Dell was acquired by Doubleday in 1976, which was itself acquired by Bertelsmann in 1986. Bertelsmann later consolidated Dell with other imprints into Random House.

==Dell Magazines==
Dell Magazines is a magazine imprint known for its many puzzle and astrology magazines. It formerly owned Alfred Hitchcock's Mystery Magazine, Ellery Queen's Mystery Magazine, Asimov's Science Fiction, and Analog Science Fiction and Fact until 2025.

The first puzzle magazine Dell published was Dell Crossword Puzzles, in 1931, and since then it has printed magazines containing word searches, math and logic puzzles, and other diversions.

Dell Magazines acquired Alfred Hitchcock's Mystery Magazine, Ellery Queen's Mystery Magazine, Asimov's Science Fiction, and Analog Science Fiction and Fact in 1992 from Davis Publications.

Dell Magazines is also the sponsor of the Astounding Award for Best New Writer, given out by the World Science Fiction Society alongside the Hugo Awards. The award was previously known as the John W. Campbell Award for Best New Writer from its founding in 1973 until 2019, after that year's winner, Jeannette Ng, criticized John W. Campbell during her award acceptance speech.

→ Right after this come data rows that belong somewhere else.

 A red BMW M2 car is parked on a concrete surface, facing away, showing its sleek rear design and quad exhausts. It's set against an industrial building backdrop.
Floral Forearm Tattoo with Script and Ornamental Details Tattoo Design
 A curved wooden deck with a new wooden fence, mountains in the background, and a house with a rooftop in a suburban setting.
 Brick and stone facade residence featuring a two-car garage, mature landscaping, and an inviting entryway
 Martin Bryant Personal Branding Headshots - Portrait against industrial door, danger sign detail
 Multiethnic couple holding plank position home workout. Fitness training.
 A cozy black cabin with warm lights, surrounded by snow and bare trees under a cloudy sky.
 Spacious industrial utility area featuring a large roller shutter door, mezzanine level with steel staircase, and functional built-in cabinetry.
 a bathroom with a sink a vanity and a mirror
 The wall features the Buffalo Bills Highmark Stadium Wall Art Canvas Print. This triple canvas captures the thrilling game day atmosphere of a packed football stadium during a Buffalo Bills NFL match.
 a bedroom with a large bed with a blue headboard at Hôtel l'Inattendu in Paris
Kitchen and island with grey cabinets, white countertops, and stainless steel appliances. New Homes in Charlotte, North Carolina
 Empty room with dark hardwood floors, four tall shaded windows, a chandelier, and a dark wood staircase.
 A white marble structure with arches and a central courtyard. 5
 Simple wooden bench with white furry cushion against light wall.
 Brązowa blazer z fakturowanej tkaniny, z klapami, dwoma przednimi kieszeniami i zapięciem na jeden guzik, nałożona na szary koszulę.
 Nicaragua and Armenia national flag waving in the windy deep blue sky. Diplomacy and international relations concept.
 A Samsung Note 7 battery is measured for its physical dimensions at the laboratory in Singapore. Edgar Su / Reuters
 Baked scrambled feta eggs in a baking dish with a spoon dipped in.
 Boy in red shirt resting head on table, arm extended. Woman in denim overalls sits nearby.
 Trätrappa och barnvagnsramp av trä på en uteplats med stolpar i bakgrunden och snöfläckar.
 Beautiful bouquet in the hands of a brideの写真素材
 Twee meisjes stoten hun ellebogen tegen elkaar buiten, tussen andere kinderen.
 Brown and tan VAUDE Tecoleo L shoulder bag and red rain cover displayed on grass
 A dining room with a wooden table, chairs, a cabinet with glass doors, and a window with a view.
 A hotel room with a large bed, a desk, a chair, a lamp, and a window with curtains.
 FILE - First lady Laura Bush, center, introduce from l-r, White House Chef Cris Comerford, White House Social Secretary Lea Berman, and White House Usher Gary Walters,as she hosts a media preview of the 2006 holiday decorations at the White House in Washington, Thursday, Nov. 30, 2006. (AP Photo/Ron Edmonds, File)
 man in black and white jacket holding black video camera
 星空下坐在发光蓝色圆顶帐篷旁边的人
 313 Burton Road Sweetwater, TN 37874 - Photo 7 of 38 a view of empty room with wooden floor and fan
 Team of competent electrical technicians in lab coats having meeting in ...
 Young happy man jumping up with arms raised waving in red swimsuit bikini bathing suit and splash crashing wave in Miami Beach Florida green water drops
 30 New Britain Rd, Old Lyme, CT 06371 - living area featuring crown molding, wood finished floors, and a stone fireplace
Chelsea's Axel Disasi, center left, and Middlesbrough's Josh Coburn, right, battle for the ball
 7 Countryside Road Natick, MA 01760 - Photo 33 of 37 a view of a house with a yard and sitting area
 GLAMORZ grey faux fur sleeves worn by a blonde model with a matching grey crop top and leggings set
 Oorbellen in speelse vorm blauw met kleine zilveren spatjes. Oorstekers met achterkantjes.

Dell Magazines was sold in March 1996 to Crosstown Publications, with headquarters in Norwalk, Connecticut. The parent company is now known as Penny Publications, LLC, which also publishes Penny Press puzzle magazines.

=== Former Dell magazines ===

- Alfred Hitchcock's Mystery Magazine - Founded 1956
- Analog Science Fiction and Fact - Founded 1930
- Asimov's Science Fiction - Founded 1977
- Ellery Queen's Mystery Magazine - Founded 1941

=== Defunct Dell magazines ===
- 1000 Jokes (1938–1968)
- Ballyhoo (1931–1939; 1948–1954)
- I Confess (1922–1932)
- Modern Screen (1930–1985)
- Louis L'Amour Western Magazine (1994–1995)
- Zane Grey Western Magazine (1946–1974)

==Paperbacks==
Dell's earliest venture into paperback publishing began because of its close association with Western Publishing. William Lyles wrote, "Dell needed paper, which Western had in 1942, and because Western by this time needed printing work, which Dell could supply in the form of its new paperback line. So Dell Books was born, created by Delacorte of Dell and Lloyd E. Smith of Western."

Dell began publishing paperbacks in 1942 at a time when mass-market paperbacks were a relatively new idea for the United States market—its principal competitor, Pocket Books, had only been publishing since 1939. An examination of paperback books available at this time shows no consensus on standardization of any feature; each early company was attempting to distinguish itself from its competitors. Lyles commented, "Dell achieved more variety than any of its early competitors. It did so, at first, with an instantly identifiable format of vibrant airbrushed covers for its predominantly genre fiction, varying 'eye-in-keyhole' logos, maps on the back covers, lists of the books' characters, and 'tantalizer-pages'. The design was merchandising genius; it successfully attracted buyers, it sold books."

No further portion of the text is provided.